My Yahoo!Finance column that posts on May 23 offers tips on getting the best value out of your home purchase. For parents, of course, perhaps the most important aspect of the search is the quality of local schools.  

As I mention in the column, start your school search with a website such as greatchools.net and schoolmatters.com, which offer data on school size, class size, household income, household education levels, ethnicity, number of single-parent households, district expenditure per student, teachers’ educational achievement, performance on state tests, and percentage of students who go on to college.  

Double check what these sites say about class size. I noticed schoolmatters.com stated that a school near me had 12 students in a classroom, when the school web site said the number was 20. States may report smaller class sizes because they are dividing the number of children by all instructional staff – including reading or math tutors, teachers’ aides, etc.

When you’re looking at instructional staff, especially at the high school level, ask how many teachers are certified in the subject area they are teaching. Also ask about trends in test scores, says Susan Shafer, director of marketing communications, for School Evaluation Services at Standard and Poor’s. “A spike in reading scores might be because they changed the test,” she says. Look at the financial data for the district and state, and see where the money is being spent – on administration, teachers in the classroom, buildings, etc. 

Go beyond school rankings in the media.
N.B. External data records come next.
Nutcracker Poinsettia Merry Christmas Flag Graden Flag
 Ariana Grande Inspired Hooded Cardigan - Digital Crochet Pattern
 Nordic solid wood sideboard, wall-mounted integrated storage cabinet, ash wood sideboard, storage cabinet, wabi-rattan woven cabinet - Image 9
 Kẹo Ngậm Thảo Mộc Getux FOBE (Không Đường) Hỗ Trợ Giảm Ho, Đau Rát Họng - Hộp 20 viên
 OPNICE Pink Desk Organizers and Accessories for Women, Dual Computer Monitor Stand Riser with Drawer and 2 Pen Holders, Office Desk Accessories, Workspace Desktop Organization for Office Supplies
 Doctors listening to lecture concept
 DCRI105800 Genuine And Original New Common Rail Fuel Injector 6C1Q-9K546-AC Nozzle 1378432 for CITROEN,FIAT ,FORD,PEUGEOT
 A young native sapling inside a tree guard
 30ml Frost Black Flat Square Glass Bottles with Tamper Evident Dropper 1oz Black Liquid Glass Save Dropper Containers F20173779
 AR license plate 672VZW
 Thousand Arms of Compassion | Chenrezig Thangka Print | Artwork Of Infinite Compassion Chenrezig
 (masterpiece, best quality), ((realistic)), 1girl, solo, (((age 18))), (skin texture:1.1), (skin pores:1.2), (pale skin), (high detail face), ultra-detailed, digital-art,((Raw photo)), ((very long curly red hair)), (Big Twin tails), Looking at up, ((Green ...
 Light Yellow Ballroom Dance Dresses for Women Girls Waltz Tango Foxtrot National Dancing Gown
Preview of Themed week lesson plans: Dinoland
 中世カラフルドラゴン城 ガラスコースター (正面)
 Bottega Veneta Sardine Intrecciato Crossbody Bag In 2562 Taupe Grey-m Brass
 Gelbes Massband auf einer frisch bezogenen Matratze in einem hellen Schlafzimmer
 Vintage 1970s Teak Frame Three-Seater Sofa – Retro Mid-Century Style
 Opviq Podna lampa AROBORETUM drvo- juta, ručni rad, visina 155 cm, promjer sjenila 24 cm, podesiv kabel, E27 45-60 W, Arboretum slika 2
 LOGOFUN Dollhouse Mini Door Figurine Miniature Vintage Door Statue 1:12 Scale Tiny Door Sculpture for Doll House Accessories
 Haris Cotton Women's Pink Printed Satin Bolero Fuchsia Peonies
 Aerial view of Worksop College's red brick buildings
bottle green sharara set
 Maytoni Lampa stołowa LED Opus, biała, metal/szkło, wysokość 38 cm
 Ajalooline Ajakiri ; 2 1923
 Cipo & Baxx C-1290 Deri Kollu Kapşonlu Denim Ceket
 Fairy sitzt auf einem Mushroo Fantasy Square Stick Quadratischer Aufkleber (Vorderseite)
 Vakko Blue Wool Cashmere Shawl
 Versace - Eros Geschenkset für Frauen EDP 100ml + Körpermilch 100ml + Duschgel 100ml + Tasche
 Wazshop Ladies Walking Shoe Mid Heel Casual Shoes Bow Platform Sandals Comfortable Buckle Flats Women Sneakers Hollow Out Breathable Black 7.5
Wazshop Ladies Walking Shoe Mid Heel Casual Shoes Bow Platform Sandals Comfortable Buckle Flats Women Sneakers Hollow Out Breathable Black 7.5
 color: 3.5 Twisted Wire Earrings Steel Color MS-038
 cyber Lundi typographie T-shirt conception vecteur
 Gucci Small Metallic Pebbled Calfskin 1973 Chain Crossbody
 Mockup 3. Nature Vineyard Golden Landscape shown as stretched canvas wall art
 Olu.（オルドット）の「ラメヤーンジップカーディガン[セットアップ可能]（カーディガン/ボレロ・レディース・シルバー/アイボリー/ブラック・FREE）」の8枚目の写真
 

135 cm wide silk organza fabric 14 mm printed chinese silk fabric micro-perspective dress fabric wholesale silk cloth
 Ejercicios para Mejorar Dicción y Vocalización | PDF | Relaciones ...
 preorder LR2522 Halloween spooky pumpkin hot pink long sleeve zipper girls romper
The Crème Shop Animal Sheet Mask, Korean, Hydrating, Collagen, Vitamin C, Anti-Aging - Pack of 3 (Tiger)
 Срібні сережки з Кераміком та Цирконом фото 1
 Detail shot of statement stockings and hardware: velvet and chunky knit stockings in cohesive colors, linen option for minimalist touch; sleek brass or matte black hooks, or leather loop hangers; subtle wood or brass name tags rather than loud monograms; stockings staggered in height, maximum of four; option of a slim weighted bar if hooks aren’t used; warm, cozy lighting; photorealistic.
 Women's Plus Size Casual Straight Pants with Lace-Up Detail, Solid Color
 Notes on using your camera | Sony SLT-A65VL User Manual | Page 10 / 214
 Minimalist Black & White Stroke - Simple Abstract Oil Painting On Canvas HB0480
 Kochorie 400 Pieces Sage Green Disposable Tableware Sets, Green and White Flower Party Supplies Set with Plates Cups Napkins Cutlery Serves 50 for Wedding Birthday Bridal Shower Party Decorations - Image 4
Newsweek, for example, assembles its annual “best high schools” list (just out this week) based in part on the number of students who take and pass Advanced Placement (AP) and International Baccalaureate (IB) exams – courses designed to replace introductory-level college courses. Yet 40 percent of U.S. high schools don’t offer AP courses, and some highly regarded school districts are eliminating them.

Meanwhile, “just because school ranked doesn’t mean it’s going to be best for your child,” says Shafer. “We try and focus on how well a school serves kid at every level – how well they are educating kids on the bottom and kids in the middle as well as the top.”

Look at the school’s web site, and see if extra curricular offerings jibe with your child’s abilities – whether its sports programs or a chess club, she suggests. “The biggest mistake is listening too much to what other people say,” she says. “Don’t go by the fact that people say it’s a good school. You have to do your own homework.”